本発明は、例えばテラヘルツ波を用いて計測対象物の特性を分析するテラヘルツ波計測装置及びテラヘルツ波計測装置の調整方法の技術分野に関する。
テラヘルツ波計測装置として、テラヘルツ時間領域分光法(Terahertz Time−Domain Spectroscopy)を利用する装置が知られている。テラヘルツ波計測装置は、以下の手順で、計測対象物の特性を分析する。まず、超短パルスレーザ光(例えば、フェムト秒パルスレーザ光)を分岐することで得られる一のレーザ光であるポンプ光(言い換えれば、励起光)が、バイアス電圧が印加されているテラヘルツ波発生素子に照射される。その結果、テラヘルツ波発生素子は、テラヘルツ波を発生する。テラヘルツ波発生素子が発生したテラヘルツ波は、計測対象物に照射される。計測対象物に照射されたテラヘルツ波は、計測対象物からの反射光又は透過光として、超短パルスレーザ光を分岐することで得られる他のレーザ光であって且つポンプ光に対する光学的な遅延(つまり、光路長差)が付与されたプローブ光(言い換えれば、励起光)が照射されているテラヘルツ波検出素子に照射される。その結果、テラヘルツ波検出素子は、計測対象物で反射又は透過したテラヘルツ波の強度に応じた電流信号を検出する。
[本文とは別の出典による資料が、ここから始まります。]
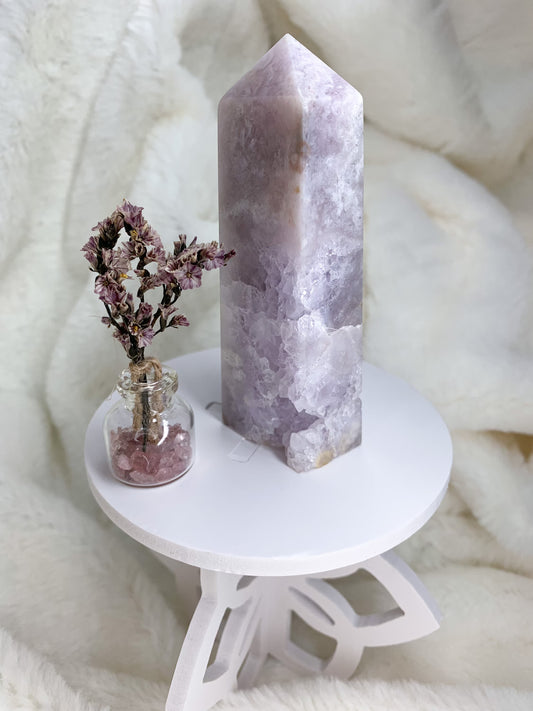 Ágata Flor x Ametista Rosa/Roxa - Torre/gerador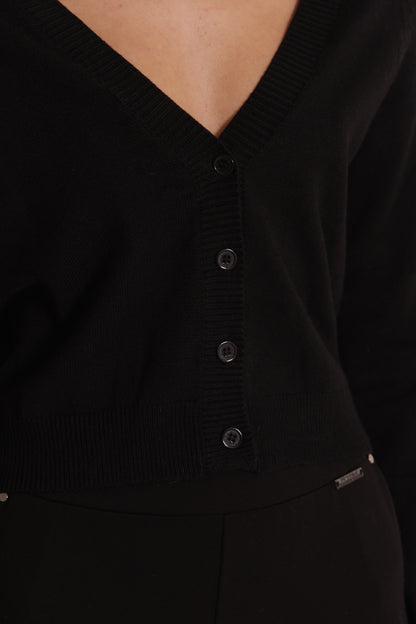 MAGLIA CARDIGAN CON BOTTONI GIOIELLO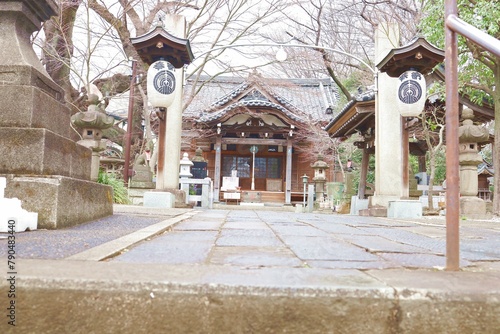 Bunkyo-ku, Tokyo, Japan, March 24, 2024.Jigenin Takuzous Inari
当該検出されたテラヘルツ波(つまり、時間領域のテラヘルツ波であり、電流信号)をフーリエ変換することで、当該テラヘルツ波のスペクトル(つまり、振幅及び位相の周波数応答特性)等が取得される。その結果、当該テラヘルツ波のスペクトルを解析することで、計測対象物の特性が分析される。
ここで、プローブ光(或いは、ポンプ光)に付与される光学的な遅延は、入射する光を再帰反射することが可能な再帰性反射鏡を含む再帰反射装置(或いは、このような再帰反射装置を含む光学遅延装置)に対してプローブ光(或いは、ポンプ光)を入射させることで付与されることが多い。尚、ここでいう「再帰反射」とは、入射光を、当該入射光の入射方向と平行な方向に向けて反射する状態を示す。再帰反射装置は、例えば直道可能な再帰性反射鏡(例えば、特許文献1参照)、或いは回転可能な複数の再帰性反射鏡(例えば、特許文献2参照)を備えて構成される。
特開2009−300109号公報 特開2013−33099号公報
特許文献2に記載されているように、複数の再帰性反射鏡を回転させて光学的な遅延を発生させる場合、再帰性反射鏡の配置ずれや取付け精度のばらつき等に起因して、適切な計測結果が得られなくなってしまうという技術的問題点が生じる。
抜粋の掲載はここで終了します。